AnandTech Storage Bench - Heavy

Our Heavy storage benchmark is proportionally more write-heavy than The Destroyer, but much shorter overall. The total writes in the Heavy test aren't enough to fill the drive, so performance never drops down to steady state. This test is far more representative of a power user's day to day usage, and is heavily influenced by the drive's peak performance. The Heavy workload test details can be found here. This test is run twice, once on a freshly erased drive and once after filling the drive with sequential writes.

ATSB - Heavy (Data Rate)

Our initial runs of the Heavy test on the Samsung 970 EVO produced results similar to the Samsung PM981, with the 1TB model showing worse performance on an empty drive than a full drive. This seems to be related to the secure erase process used to wipe the drive before the test. Like many drives, the 970 EVO seems to lie about when it has actually finished cleaning up. Adding an extra 10 minutes of idle time before launching the Heavy test produced the results seen here, and in the future all drives will be tested with longer pauses after erasing (all other drives were given at least two minutes of idle time after each erase).

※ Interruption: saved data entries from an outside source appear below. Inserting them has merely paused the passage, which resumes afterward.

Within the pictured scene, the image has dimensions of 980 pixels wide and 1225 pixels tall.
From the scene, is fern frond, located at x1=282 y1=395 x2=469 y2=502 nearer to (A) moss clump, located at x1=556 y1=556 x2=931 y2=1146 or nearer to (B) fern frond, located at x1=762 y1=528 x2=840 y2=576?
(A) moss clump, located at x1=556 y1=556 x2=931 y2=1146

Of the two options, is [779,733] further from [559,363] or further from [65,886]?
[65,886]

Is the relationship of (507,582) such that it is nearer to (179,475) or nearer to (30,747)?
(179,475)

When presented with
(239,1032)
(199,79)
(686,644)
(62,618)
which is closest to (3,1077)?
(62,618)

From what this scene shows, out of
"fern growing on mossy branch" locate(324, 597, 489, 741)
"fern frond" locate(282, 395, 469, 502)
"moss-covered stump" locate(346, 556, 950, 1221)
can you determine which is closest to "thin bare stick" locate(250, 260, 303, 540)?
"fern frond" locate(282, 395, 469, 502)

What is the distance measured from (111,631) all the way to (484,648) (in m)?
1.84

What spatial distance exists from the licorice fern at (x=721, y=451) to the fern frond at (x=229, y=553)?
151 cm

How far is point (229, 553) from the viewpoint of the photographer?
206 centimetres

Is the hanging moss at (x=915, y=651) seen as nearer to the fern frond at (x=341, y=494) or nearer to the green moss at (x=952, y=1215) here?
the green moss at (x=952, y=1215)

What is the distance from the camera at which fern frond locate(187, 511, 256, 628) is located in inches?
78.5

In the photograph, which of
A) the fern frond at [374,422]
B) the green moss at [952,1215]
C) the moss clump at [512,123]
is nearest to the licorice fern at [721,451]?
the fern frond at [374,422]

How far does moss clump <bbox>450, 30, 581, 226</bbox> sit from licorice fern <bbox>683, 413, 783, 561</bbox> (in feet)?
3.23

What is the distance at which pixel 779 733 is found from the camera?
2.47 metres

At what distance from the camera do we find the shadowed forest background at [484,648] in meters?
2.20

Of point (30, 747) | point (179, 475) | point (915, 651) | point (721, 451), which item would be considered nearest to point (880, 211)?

With the odd behavior eliminated, the Samsung 970 EVO comes close to setting a new record on the Heavy test. The empty drive performance of the 1TB model is up in Optane territory, though the full drive average data rate is not much higher than other TLC-based drives. The 500GB model is far slower, and its full-drive performance doesn't even keep pace with the Intel SSD 760p.

ATSB - Heavy (Average Latency)ATSB - Heavy (99th Percentile Latency)

The average and 99th percentile latency scores from the Samsung 970 EVO are about normal and in line with its closest competitors, except for the particularly good empty-drive score from the 1TB 970 EVO.

ATSB - Heavy (Average Read Latency)ATSB - Heavy (Average Write Latency)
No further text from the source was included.